The 18-page decision is Artin Service Station, Inc. v. Mitri, Lawyers Weekly No. 12-088-17, and can be ordered here.

‘More attuned to present-day practice’

The defendant’s Fall River counsel, Michael S. Sahady, said that ascertaining the extent of opposing counsel’s authority is part of every case lawyers handle, whether they realize it or not.

“Normally, we take each other’s word that we do represent who we say we represent, and we don’t do anything beyond that to determine the extent of opposing counsel’s authority to bind the principal,” he said.

Sahady was not surprised by his opponent’s reliance on the Precious case.

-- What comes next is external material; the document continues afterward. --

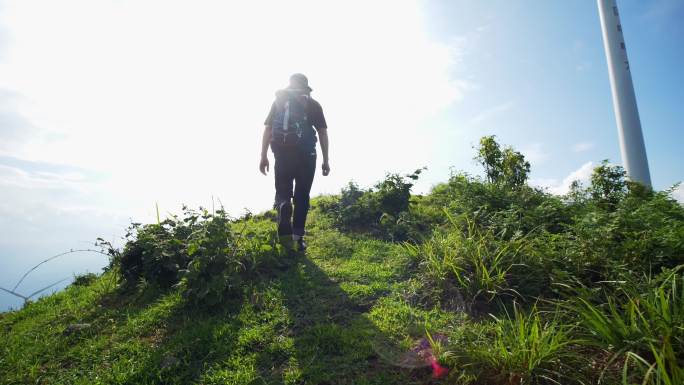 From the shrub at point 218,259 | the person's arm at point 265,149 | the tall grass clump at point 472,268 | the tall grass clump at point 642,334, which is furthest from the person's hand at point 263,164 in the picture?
the tall grass clump at point 642,334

“Maybe someday the SJC will revisit the decision in Precious and give the bar a ruling more attuned to present-day practice,” he said.

A former District and Superior Court judge, Sahady noted that much has changed in the practice of law since Precious was decided.

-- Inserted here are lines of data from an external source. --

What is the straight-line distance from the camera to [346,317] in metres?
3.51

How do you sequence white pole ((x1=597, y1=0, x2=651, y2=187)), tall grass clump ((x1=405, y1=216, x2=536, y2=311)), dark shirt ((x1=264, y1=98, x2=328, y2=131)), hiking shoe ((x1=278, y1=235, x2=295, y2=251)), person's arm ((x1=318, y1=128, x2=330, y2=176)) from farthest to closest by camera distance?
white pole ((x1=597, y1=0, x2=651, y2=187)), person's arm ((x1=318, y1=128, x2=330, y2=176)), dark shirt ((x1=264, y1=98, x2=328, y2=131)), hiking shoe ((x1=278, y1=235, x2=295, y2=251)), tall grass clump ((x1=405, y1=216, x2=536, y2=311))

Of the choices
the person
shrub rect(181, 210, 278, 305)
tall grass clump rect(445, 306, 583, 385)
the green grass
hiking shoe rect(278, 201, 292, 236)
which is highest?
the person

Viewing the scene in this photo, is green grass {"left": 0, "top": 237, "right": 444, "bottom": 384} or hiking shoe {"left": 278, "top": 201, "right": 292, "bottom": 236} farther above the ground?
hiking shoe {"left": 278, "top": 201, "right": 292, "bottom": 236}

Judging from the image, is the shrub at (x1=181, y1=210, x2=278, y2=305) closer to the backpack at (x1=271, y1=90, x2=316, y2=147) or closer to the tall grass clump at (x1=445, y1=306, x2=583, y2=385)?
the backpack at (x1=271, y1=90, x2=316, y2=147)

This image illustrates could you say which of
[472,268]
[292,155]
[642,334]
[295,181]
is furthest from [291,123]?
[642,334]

“When I started to practice [in 1959], we knew every lawyer in town by first name, last name, their children’s names,” he said.

Boston attorney Stephen D. Riden said that the message from the decision is that companies and individuals shopping for legal representation need to do their homework and then monitor their lawyer’s activities.

He added that the cautionary tale extends to employers who use “agents,” i.e., their employees, whose wrongful conduct could bind and harm them.

The decision went the right way from a practical perspective, Riden said. If the decision had imposed a duty to investigate possible fraudulent conduct by an agent, it would “inject a huge amount of uncertainty into every business transaction,” potentially bringing those dealings to a halt.

But Boston attorney Robert W. Stetson noted that a forger is not typically considered an agent. In order to hold a principal liable for a forger’s act, the principal generally needs to ratify the forged signature through some act or statement, he said. A third party may also prevail using an estoppel theory, showing that there was some kind of detrimental reliance on the forgery.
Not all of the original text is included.